--- RECORDS SUPPLIED ---
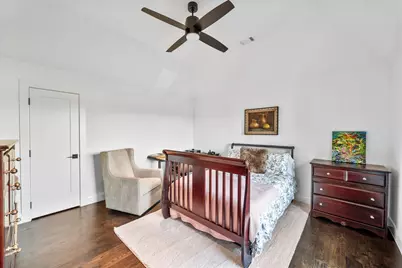 9017 Rumfield Road, North Richland Hills, TX 76182 - Photo 23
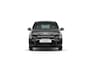 Kia Picanto 1.0 GDi DynamicPlusLine | 4-zits | Parkeersensoren Achter | Navigatiesysteem | LED Koplampen | Cruise control | Achteruitrijcamera |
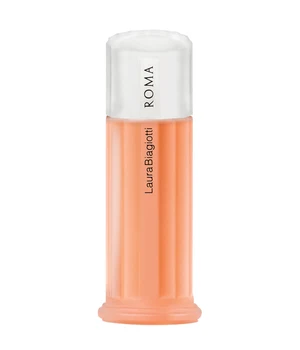 Laura Biagiotti Roma Eau de Toilette · 100 ml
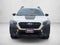 2023 Subaru Outback Wilderness CVT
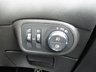 USED 2017 17 VAUXHALL ZAFIRA TOURER 1.4 SRI 5d 138 BHP Finished in SATIN STEEL GREY MET with contrasting GREY trim. The Zafira Tourer should definitely be on your shopping list if you are in the market for a good-looking MPV that drives well. The interior is pleasant, the Flexable 7 seating option is a bonus for families and trips away. Features include, DAB radio, Front and Rear Park Sensors, B/Tooth, Cruise Control and much more. Evans Halshaw Vauxhall Dealer serviced at 7131 miles, 13893 miles and at 20489 miles. MOT due 3/3/2022.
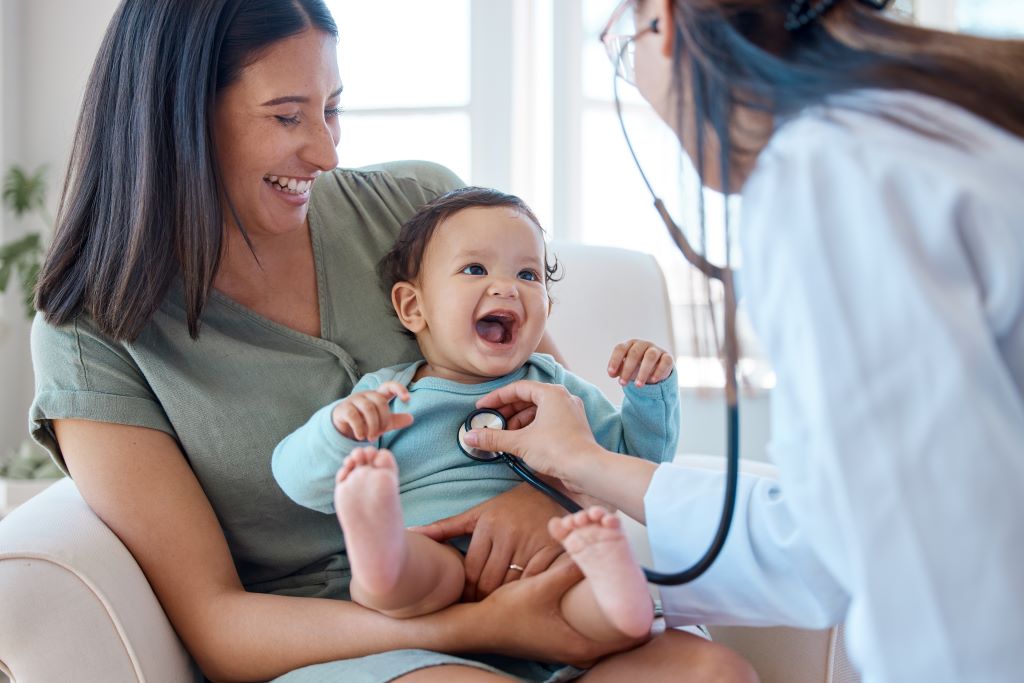 Cheaper medicines under new PBS changes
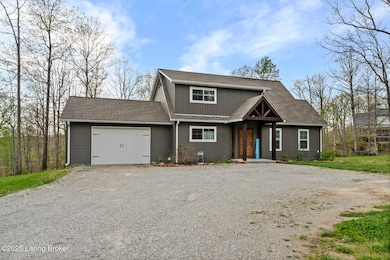 71 Moutardier Bay Upper Rd, Leitchfield, KY 42754 - photo 2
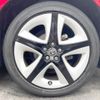 toyota prius 2016 -TOYOTA--Prius DAA-ZVW51--ZVW51-8015377---TOYOTA--Prius DAA-ZVW51--ZVW51-8015377- image 14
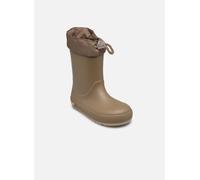 Igor - Yogi dk cuello barefoot Beige - Stivali 33 Beige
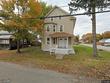  warwick,  RI 02886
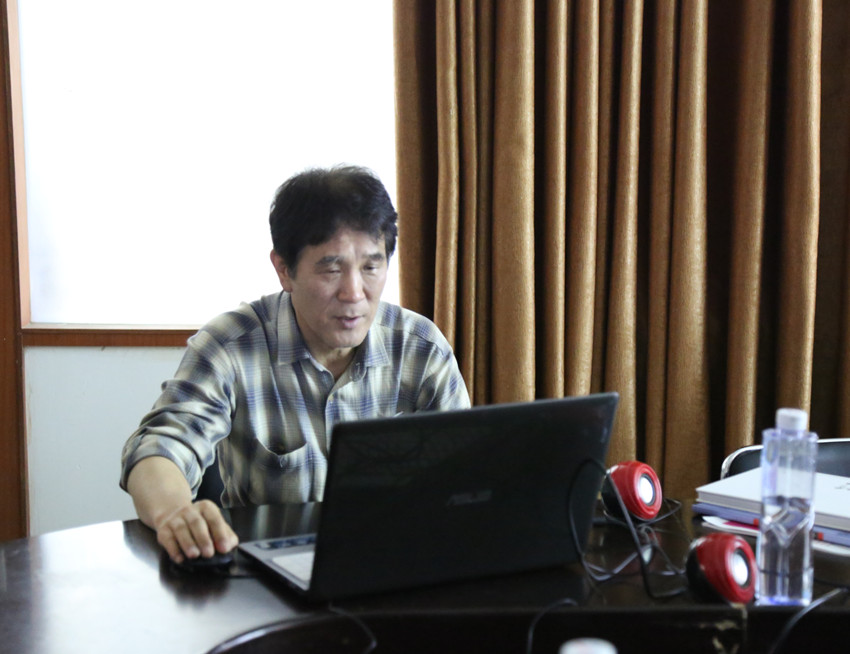 BX8A8128_副本.jpg
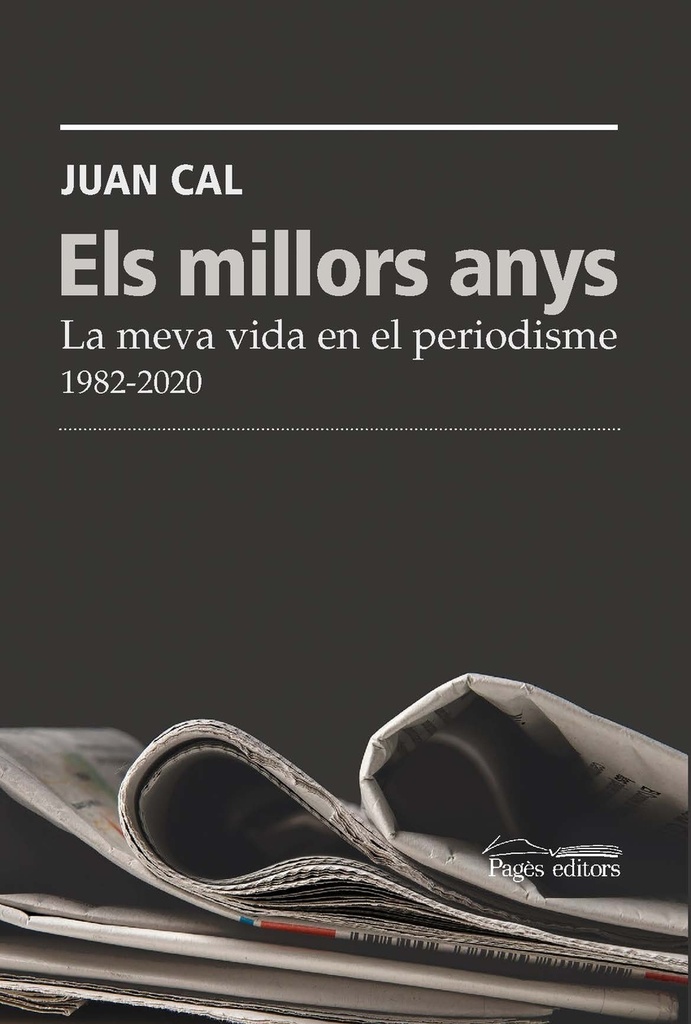 [9788413035093] Els millors anys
---
## [TASK DESCRIPTION]
Output all the entries exactly, minus any pictures.

## [EXPECTED ANSWER]
 9017 Rumfield Road, North Richland Hills, TX 76182 - Photo 23
 Kia Picanto 1.0 GDi DynamicPlusLine | 4-zits | Parkeersensoren Achter | Navigatiesysteem | LED Koplampen | Cruise control | Achteruitrijcamera |
 Laura Biagiotti Roma Eau de Toilette · 100 ml
 2023 Subaru Outback Wilderness CVT
 USED 2017 17 VAUXHALL ZAFIRA TOURER 1.4 SRI 5d 138 BHP Finished in SATIN STEEL GREY MET with contrasting GREY trim. The Zafira Tourer should definitely be on your shopping list if you are in the market for a good-looking MPV that drives well. The interior is pleasant, the Flexable 7 seating option is a bonus for families and trips away. Features include, DAB radio, Front and Rear Park Sensors, B/Tooth, Cruise Control and much more. Evans Halshaw Vauxhall Dealer serviced at 7131 miles, 13893 miles and at 20489 miles. MOT due 3/3/2022.
 Cheaper medicines under new PBS changes
 71 Moutardier Bay Upper Rd, Leitchfield, KY 42754 - photo 2
 toyota prius 2016 -TOYOTA--Prius DAA-ZVW51--ZVW51-8015377---TOYOTA--Prius DAA-ZVW51--ZVW51-8015377- image 14
 Igor - Yogi dk cuello barefoot Beige - Stivali 33 Beige
  warwick,  RI 02886
 BX8A8128_副本.jpg
 [9788413035093] Els millors anys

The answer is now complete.